The decision on the export licence application for the paintings will be deferred for a period ending on Sunday 31 July inclusive. At the end of the first deferral period owners will have a consideration period of 15 Business Days to consider any offer(s) to purchase the pair of paintings at the recommended price of £10 million. The second deferral period will commence following the signing of an Option Agreement and will last for six months.
Offers from public bodies for less than the recommended price through the private treaty sale arrangements, where appropriate, may also be considered by the minister. Such purchases frequently offer substantial financial benefit to a public institution wishing to acquire the item.
Notes to editors
- Organisations or individuals interested in purchasing the pair of paintings should contact the RCEWA on 0845 300 6200.
- Details of the paintings are as follows: Paul Cézanne (1839-1906) Farm in Normandy, Summer (Hattenville), (Ferme Normande, Été (Hattenville)) Oil on canvas, 49.5 x 65.7 cm. Unsigned Painted around 1882 Private Collection
- Provenance: Victor Chocquet. Paris Mme veuve Chocquet (née Marie Buisson), 1891 Galerie Georges Petit, Paris, Chocquet Collection sale, 1 – 4 July, 1899, no. 11 (as L’Été) Alexandre Rosenberg, Paris Galerie Bernheim-Jeune, Paris Auguste Pellerin, Paris (15 January 1900) Ambroise Vollard, Paris Galerie Etienne Bignou, Paris Alex Reid & Lefévre, London Samuel Courtauld, purchased from the above, June 1937 for £2,500 Bequeathed to Christabel McLaren, Lady Aberconway, 1947 Thence by descent On loan to the Courtauld Gallery, London (L.P.1997.XX.13)
- The Reviewing Committee on the Export of Works of Art and Objects of Cultural Interest is an independent body, serviced by Arts Council England (ACE), which advises the Secretary of State for Digital, Culture, Media and Sport on whether a cultural object, intended for export, is of national importance under specified criteria.
- Arts Council England is the national development agency for creativity and culture.
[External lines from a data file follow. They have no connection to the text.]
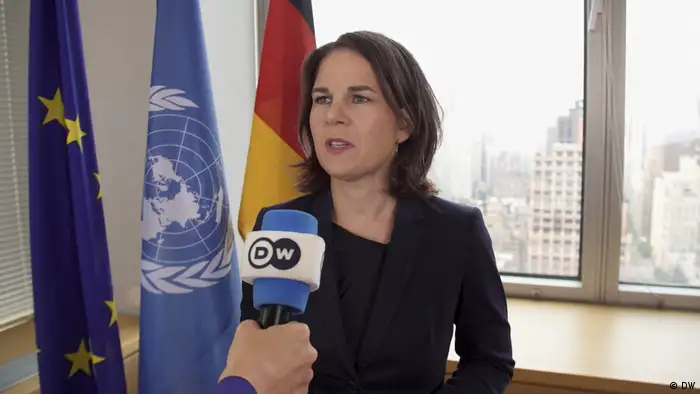 وزيرة الخارجية الألمانية في حديث مع دي دبليو دويتشه فيله في نيويورك 18/7/2023 وزيرة الخارجية الألمانية في حديث مع دي دبليو دويتشه فيله في نيويورك 18/7/2023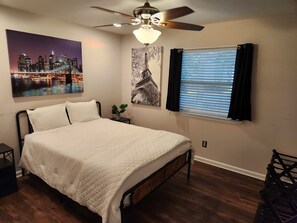 2 dormitorios, tabla de planchar con plancha, wifi y ropa de cama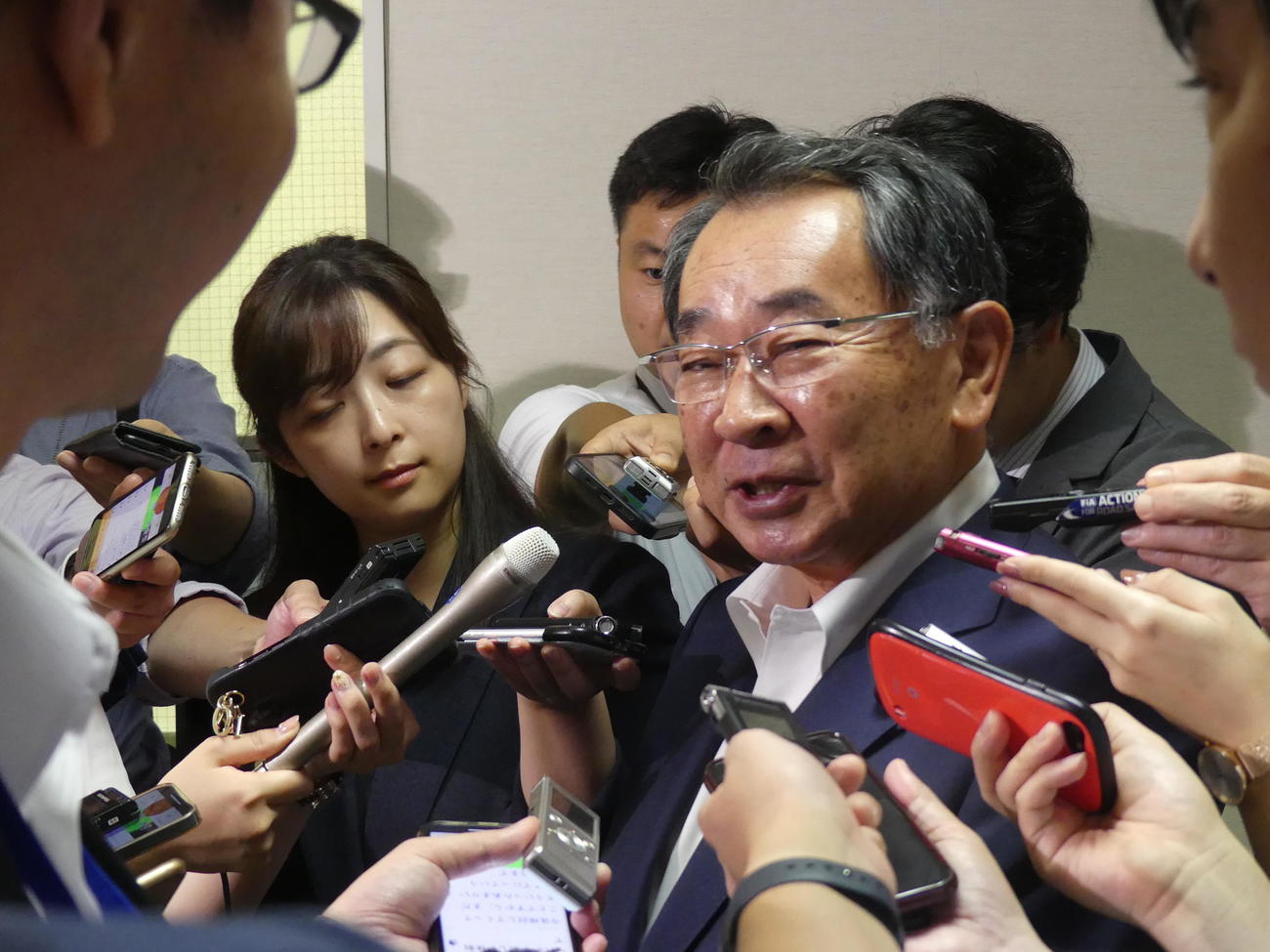 塩谷立元文科相（2023年8月31日撮影）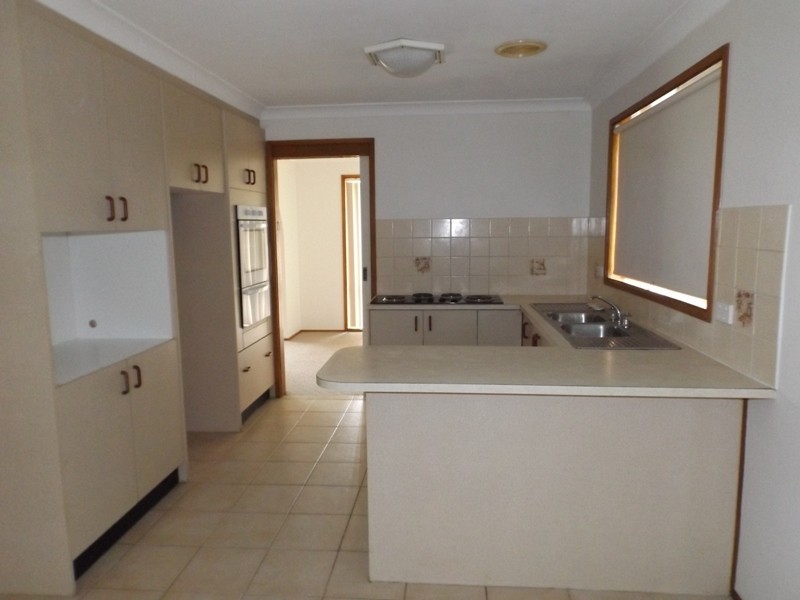 33 Pacific Road, Surf Beach NSW 2536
Its strategic vision in Let’s Create is that, by 2030, England should be a country in which the creativity of everyone is valued and given the chance to flourish and where everyone has access to a remarkable range of high-quality cultural experiences. ACE invests public money from the government and the National Lottery to support the sector and deliver the vision. Following the Covid-19 crisis, ACE developed a £160 million Emergency Response Package, with nearly 90 per cent coming from the National Lottery, for organisations and individuals needing support. It is also one of the bodies administering the government’s unprecedented £1.96 billion Culture Recovery Fund.